The other recipe explains Nix from a programming language perspective, since Nix borrows its underlying concepts from purely functional programming languages. In this explanation recipe, I first explain in what way purely functional programming languages are different compared to conventional programming languages. Then I draw an analogy to package managers. I find this the better explanation recipe, because the means used to make Nix purely functional (e.g. using hash codes) make sense in this context. The only drawback is that a large subset of the people using package managers are often not programmers and typically do not understand nor appreciate the programming language aspect.
To summarize: advertising the Nix concepts is tough. While I was at the NixOS stand, I had to convince people passing by in just a few minutes that it is worth to give NixOS (or any of its sub projects) a try. In the following section, I will transcribe my "sales pitch explanation" of NixOS.
NixOS is a Linux distribution built around the Nix package manager solving package and configuration management problems in its own unique way. When installing systems running Linux distributions by conventional means, it is common to do activities, such as installing the distribution itself, then installing additional custom packages, modifying configuration files and so on, which is often a tedious, time consuming and error prone process.
In NixOS the deployment of an entire system is fully automated. Deployment is driven by a declarative configuration file capturing the desired properties of a system, such as the harddrive partitions, services to run (such as OpenSSH, the Apache webserver), the desktop (e.g. KDE, GNOME or Xfce) and end-user packages (e.g. Emacs and Mozilla Firefox). With just one single command-line instruction, an entire system configuration can be deployed. By adapting the declarative configuration file and running the same command-line instruction again, an existing configuration can be upgraded.
NixOS has a couple of other nice properties as well. Upgrading is always safe, so there is no reason to be worried that an interruption will break a system. Moreover, older system configurations are retained by default, and if an upgrade, for example, makes a system unbootable, you can always switch back to any available older configuration.
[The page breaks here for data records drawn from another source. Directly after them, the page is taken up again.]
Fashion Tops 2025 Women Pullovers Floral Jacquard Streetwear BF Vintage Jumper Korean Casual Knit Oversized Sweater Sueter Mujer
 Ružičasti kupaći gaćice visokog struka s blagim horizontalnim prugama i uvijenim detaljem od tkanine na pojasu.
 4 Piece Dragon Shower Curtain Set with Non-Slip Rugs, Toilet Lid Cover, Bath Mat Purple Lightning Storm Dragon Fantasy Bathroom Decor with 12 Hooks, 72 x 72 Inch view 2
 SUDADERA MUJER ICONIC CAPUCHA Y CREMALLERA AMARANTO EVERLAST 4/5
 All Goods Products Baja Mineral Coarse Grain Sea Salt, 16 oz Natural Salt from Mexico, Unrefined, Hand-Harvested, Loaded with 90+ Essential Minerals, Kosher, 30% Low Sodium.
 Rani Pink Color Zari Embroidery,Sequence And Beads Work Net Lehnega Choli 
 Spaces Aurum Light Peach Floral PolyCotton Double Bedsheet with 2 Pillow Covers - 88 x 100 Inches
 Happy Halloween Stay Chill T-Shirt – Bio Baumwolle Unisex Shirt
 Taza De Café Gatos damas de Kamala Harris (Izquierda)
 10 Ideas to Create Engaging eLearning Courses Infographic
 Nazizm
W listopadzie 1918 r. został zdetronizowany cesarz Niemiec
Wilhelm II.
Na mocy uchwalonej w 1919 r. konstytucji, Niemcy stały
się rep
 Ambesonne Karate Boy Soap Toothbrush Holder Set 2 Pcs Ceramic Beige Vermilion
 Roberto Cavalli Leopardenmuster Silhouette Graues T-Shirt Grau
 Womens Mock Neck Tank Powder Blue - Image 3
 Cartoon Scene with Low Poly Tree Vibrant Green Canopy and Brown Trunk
Also configurations can be reproduced on any system by simply providing the declarative configuration file to someone else.
Several tools in the Nix project extend this deployment approach to other areas: NixOps can be used to deploy a network of NixOS machines in the cloud, Hydra is the Nix-based continuous integration server, Disnix deploys services into a network of a machines. Furthermore, the Nix package manager -- that serves as the basis for all of these tools -- can also be used on any Linux distribution and a few other operating systems as well, such as Mac OS X.
The above pitch does not reveal much about its technical aspects, but simply focuses itself on its key aspect -- fully automated deployment and some powerful quality properties. This often leads to more questions from people passing by, but I consider that a good thing.
This year's FOSDEM was a very nice experience. I'd like to thank all the fellow Nixers who did all the organisation work for the stand. As a matter of fact, apart from doing some promotion work at the stand I was not involved in any of its organizational aspects. Besides having a stand to promote our project, Nicolas Pierron gave a talk about NixOS in the distributions devroom. I also enjoyed Larry Wall's talk about Perl 6 very much:
I'm looking forward to see what next year's FOSDEM will bring us!